PostgreSQL 8.4 will have a ROW_NUMBER() windowing function so this little hack will hopefully be unnecessary when 8.4 is in production.
Getting back to this exercise, this was actually inspired by Hubert's recent article Tips N’ Tricks - setting field based on order. Why this inspired me, I guess because it stirred up memories about the often forgotten utility of arrays in PostgreSQL and I thought it would answer a question that was haunting me - How do I assign sequential numbers to a list?. The article just didn't quite read the way I expected it to and actually was answering another question I cared much less about, but it did get the juices flowing. So without much further ado.
Problem:
You have data that looks like this:
name_id last_name first_name jjones Jones John psmith Smith Paul wgates Gates William wgrant Grant Wallace
row_number name_id last_name first_name 1 wgates Gates William 2 wgrant Grant Wallace 3 jjones Jones John 4 psmith Smith Paul
--CREATE test data
CREATE TABLE people(name_id varchar(50) PRIMARY KEY, last_name varchar(50),
first_name varchar(50));
INSERT INTO people(name_id, last_name, first_name)

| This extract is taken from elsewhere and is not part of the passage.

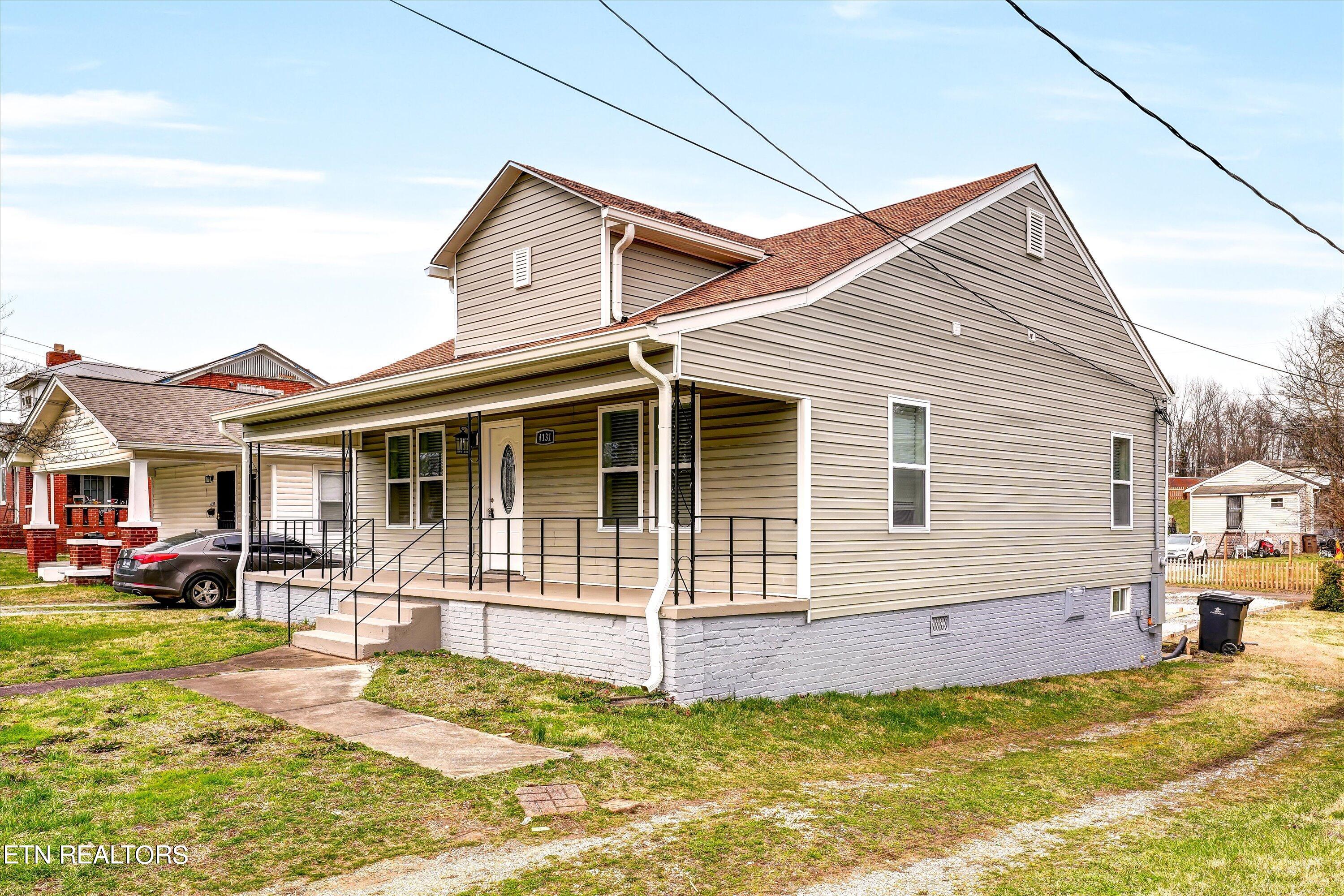 Photo 3 of 21 of 4131 Holston Drive house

(VALUES ('jjones', 'Jones', 'John'),
('psmith', 'Smith', 'Paul'),
('wgates', 'Gates', 'William')
, ('wgrant', 'Grant', 'Wallace'));
Solutions: Here we propose 3 solutions and which you choose is based on preference, use-case and experience.
--Approach 1: The all in one WTF
-- Advantage: 1 step and no temp junk created
-- so safe to nest into other subqueries and reuse
--- Disadvantage: Messy to read,
-- could be slow for large sets,
-- and relies on a primary key
SELECT row_number, oldtable.*
FROM (SELECT * FROM people) As oldtable
CROSS JOIN (SELECT ARRAY(SELECT name_id
FROM people
ORDER BY last_name, first_name) As id) AS oldids
CROSS JOIN generate_series(1, (SELECT COUNT(*)
FROM people)) AS row_number
WHERE oldids.id[row_number] = oldtable.name_id
ORDER BY row_number;
--Approach 2: Closer to Hubert's Examples
--Advantage: Easy to read - intuitive, doesn't rely on a primary key
--Disadvantage: Creates temp junk in the db
-- which means reusing in same session you must drop
-- and using in nested subquery results may be unpredictable
--I prefer the WTF
--I don't know what it is about explicitly creating stuff in the
--database even if it lasts for that one session
-- just irritates me - granted its much simpler and probably faster
CREATE TEMP sequence temp_seq;
SELECT nextval('temp_seq') As row_number, oldtable.*
FROM (SELECT * FROM people ORDER BY last_name,first_name) As oldtable;
--Approach 3: This will work I think even in MySQL :)
--Advantage: Cross Platform - yeh
--Disadvantage: Potentially slow correlated subquery for large datasets
-- and gets somewhat messy the more orderings you tack on
-- relies on your order by producing unique results
SELECT (SELECT COUNT(*) FROM people
WHERE
(COALESCE(people.last_name,'') || COALESCE(people.first_name,'')) <=
(COALESCE(oldtable.last_name,'')
|| COALESCE(oldtable.first_name,''))) As row_number,
oldtable.*
FROM (SELECT *
FROM people
ORDER BY
last_name, first_name) As oldtable;